Accounting Reference Dates

Another term for a ‘financial year’ is an ‘accounting reference period’.

The accounting reference period ends on the accounting reference date (ARD) or a date up to seven days either side of the ARD, if this is more convenient.

You can change the first accounting reference period and subsequent accounting reference periods by changing the ARD.

You may change an ARD by shortening an accounting reference period as often as you like and by as many months as you like. However, there are restrictions on extending accounting reference periods: You may not extend a period so that it lasts more than 18 months from the start date of the accounting period. You may not extend more than once in 5 years.

Late Filing Penalties

All companies – private or public, large or small, trading or non-trading – must send their accounts to the Registrar of Companies every year. If accounts are delivered late, the Registrar will impose an automatic penalty.

Late filing penalties were introduced in 1992 to encourage directors of limited companies and designated members of limited liability partnerships to file their accounts on time because they must provide this statutory information for the public record. Section 242A of the Companies Act 1985 says that penalties will be imposed on any company / llp that delivers its accounts to Companies House after the period allowed for filing. (’Statutory’ means by law.)

If you are filing your company’s first accounts and they cover a period of more than 12 months, they must be delivered to the Registrar within 22 months of the date of incorporation for private companies / limited liability partnerships and 19 months for public companies.

If your company’s accounting period does not end on the last day of a month, then each period ends on the corresponding date in the appropriate month. For example, a private company with an accounting reference date (ARD) of 10 September has until 10 July the following year to deliver its accounts.

Important: if you have any doubts about the deadline for your company’s accounts – contact us on 0870 33 33 636 and ask us to confirm when your accounts should be filed.

Remember: it is the date of delivery to the Registrar which is important – not the date of posting.

Please note: if a filing deadline expires on a Sunday or Bank Holiday the law still requires accounts to be filed by that date. So you should ensure that they are posted in time to arrive before such a deadline.

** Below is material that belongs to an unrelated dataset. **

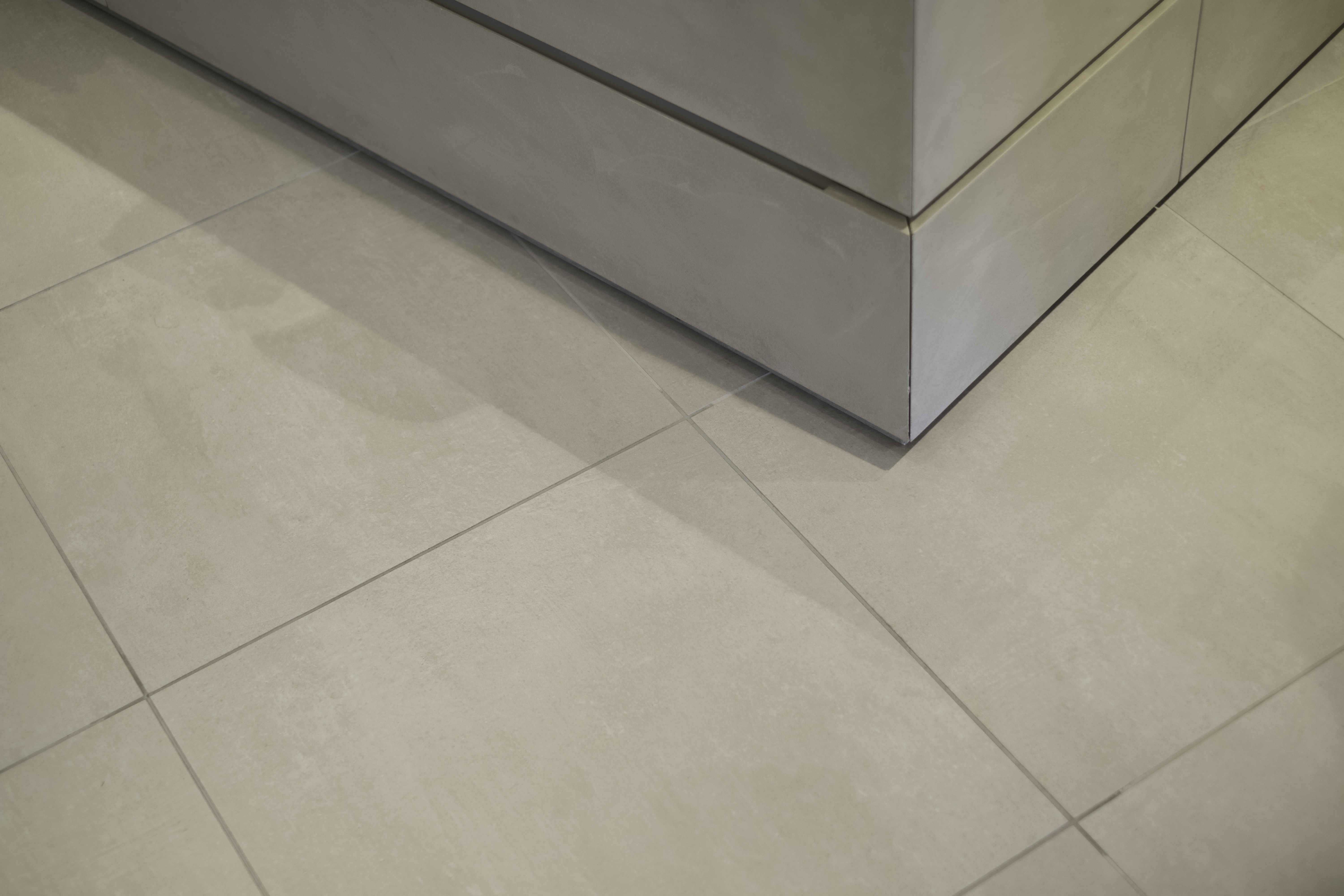 Detail shot: Light grey porcelain stoneware floor tiles with clean grout.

Remember: the Registrar will not waive a penalty if your accounts are delayed in the post. To help you file on time:

  1. mark your diary or calendar to remind you in good time of the filing deadlines;
  2. read the filing reminders we send to your registered office;
  3. if appropriate, instruct your accountants in good time and remind them of the need to prepare and deliver your accounts on time.

If your company has overseas interests, and the financial year begins before 1st January, you may claim a three-month extension by delivering Form 244 to the Registrar before the end of the normal period allowed for filing. (Form 244 cannot be used for financial years which begin on or after 1st January but an extension to the filing period may still be granted in exceptional circumstance). If there is a special reason for seeking a filing extension, then in exceptional circumstances the Secretary of State may extend the time for filing (see section 244(5) Companies Act 1985 as amended) …

To avoid problems, we recommend that accounts are delivered as soon as they are complete and as far as possible in advance of the end of the period allowed for delivery.

If accounts are delivered late, an invoice is issued automatically to your registered office address.

If it remains unpaid, legal action may be taken which could result in a County Court judgment or a Sheriff Court decree against your company.

Late filing penalties are imposed on the company under civil law. Failure to pay a late filing penalty can result in a County Court judgment (or Sheriff Court decree) against the company. Failure to file accounts is a criminal offence which can result in directors being fined personally in the criminal courts. In addition to the directors being fined, the Registrar may take steps to strike the company off the public record.

Important: Both a penalty and a fine could be payable for the same set of accounts if they are not filed on time, and then delivered late.